Sir Isaac Newton developed the first circular diagram of colors in 1666.

- In 1670-72, he investigated the refraction of light. Demonstrating that a prism could decompose white light into a spectrum of colours, and, that a lens and a second prism could recompose the multi coloured light back into white light.

Additive Colour
Additive colour is colour created by mixing together two or more different colours. It is a result of the way the eye detects colour and is not property of light.
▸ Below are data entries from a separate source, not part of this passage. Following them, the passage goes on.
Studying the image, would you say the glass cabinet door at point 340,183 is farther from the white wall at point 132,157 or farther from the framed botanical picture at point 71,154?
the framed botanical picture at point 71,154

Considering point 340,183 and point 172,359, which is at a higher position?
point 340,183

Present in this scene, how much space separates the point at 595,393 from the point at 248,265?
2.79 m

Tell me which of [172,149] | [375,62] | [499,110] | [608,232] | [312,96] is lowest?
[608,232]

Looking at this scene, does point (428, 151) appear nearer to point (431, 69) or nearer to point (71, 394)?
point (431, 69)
Additive colour systems start with darkness.
James Clerk Maxwell discovered additive colour mixing.
Red, green and blue are the additive primary colours normally used in the additive colour system.
Combining two of the standard three primary colours in exact equal proportions creates an additive secondary colour – Cyan, magenta or yellow.
Additive colour can be found in the overlapping projected coloured lights used in theatrical lighting for plays, concerts and nightclubs etc. Computers and televisions are the most common example of displaying additive colour.
In the additive colour system, the colour triangle with a primary colour at each end displays all the possible combinations and luminosities of each primary colour.

Subtractive Colour

Subtractive colour is mixing a limited set of dye, ink, paint, pigment or natural colourants to create a wider range of colours.
Subtractive colour systems start with light, presumably white light. Coloured inks, paints or filters between the viewer and the light source or reflective surface, subtract wavelengths from the light, giving it colour. If the light is other than white, our visual mechanisms are able to compensate well, but not perfectly, often giving a flawed impression of the "true" colour of the surface.
The RYB colour wheel is the standard set of subtractive primary colours used for mixing pigment. Red, yellow, and blue are the primary colors of the standard colour wheel. The secondary colours, violet, orange and green make up another triad, formed by mixing equal amounts of red and blue, red and yellow and blue and yellow.
In colour printing, we use the CMY/CMYK (K = Black) process. CMY stands for cyan, magenta and yellow. Cyan is the complement of red, magenta is the complement of green and yellow the complement of blue. Combinations of the three colours can produce a wide range of colours with good saturation.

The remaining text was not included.